In one form the shielding liquid fills the container so that the transparent fluid is formed as a bubble in the liquid, which bubble subsists between the polyhedron face bearing the displayed insignia and the horizontal portion of the window means. The bubble has a volume such that it is confined between the horizontally disposed portion of the window means and the upper face to display any liquid having a tendency to adhere to the window means in proximity to the displayed face and upper face. The bubble forces or wipes the liquid away from the face and window, thereby to provide a clear view of the insignia to an observer. To conceal the undisplayed portion of the polyhedron, its faces preferably have the same color as the shielding liquid color, except for the insignia which are preferably a highly reflecting color, such as white.
In accordance with one embodiment of the invention, the random selection device is a die comprising an inner polyhedron having N indicia bearing faces and an outer polyhedron having N window carrying faces in registration with the insignia bearing faces.

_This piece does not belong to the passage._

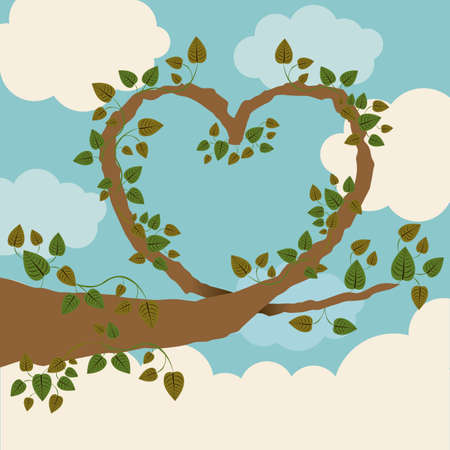 Ecology design over cloudscape background, vector illustrationのイラスト素材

Preferably the inner and outer polyhedrons are cubes so that N=6. The outer polyhedron has, at the rest position of the die, a pair of parallel, substantially horizontal faces that respectively form a lower supporting face and an upper face through which the displayed insignia on the upper face of the inner polyhedron is viewed. The outer polyhedron is a sealed container for the shielding liquid which flows in spaces between the faces of the inner and outer polyhedrons, whereby all insignias on the inner polyhedron, except the insignia on the upper face are obscured. When the die is at rest, fluid flows from a space between the displayed face and the upper container face to the spaces between the other insignia bearing faces and the other container faces.
Preferably, the faces of the inner polyhedron are maintained in fixed relation to the container faces, although the inner polyhedron may float in the liquid. In the preferred fixed construction, each corner of the insignia bearing polyhedron is fixedly mounted to a corner of the container and a beveled face exists between adjacent insignia bearing faces of the inner polyhedron to provide flow paths for the fluid between the faces of the inner and outer polyhedrons. To provide additional fluid flow between the adjacent faces and enable the insignia on the displayed face to be displayed even though the die is at rest so that the upper and lower faces are not exactly horizontal, but are tilted to a certain extent (as great as ±30° from the horizontal for a die formed as a cube), each interior corner of the container is tilted at an acute angle; for a cube, the tilt angle is approximately 15° to 20° from a right angle.
In accordance with another embodiment of the invention, the insignia bearing polyhedron floats freely in a shielding liquid maintained in a sealed container having a volume enabling different insignia bearing polyhedron faces to be in proximity to a single, horizontal window on an upper face of the container. To direct the insignia bearing polyhedron toward the window, the container includes a sloping wall arrangement that tapers toward the window. The container face carrying the window preferably has an area only slightly in excess of the area of an insignia bearing face of the polyhedron to cause the insignia bearing face to be maintained in a plane parallel to the window. To prevent insignia on the displayed face from contacting the window and prevent the polyhedron from catching or hanging up on a corner between the sloping wall and the window carrying face of the container, a boss is provided on at least some of the faces, preferably the faces of the polyhedron.
It is, accordingly, still another object of the invention to provide a new and improved die.
It is a further object of the invention to provide a die including an optical shielding liquid which readily flows to all insignia bearing faces, except an upper, horizontally disposed, displayed face.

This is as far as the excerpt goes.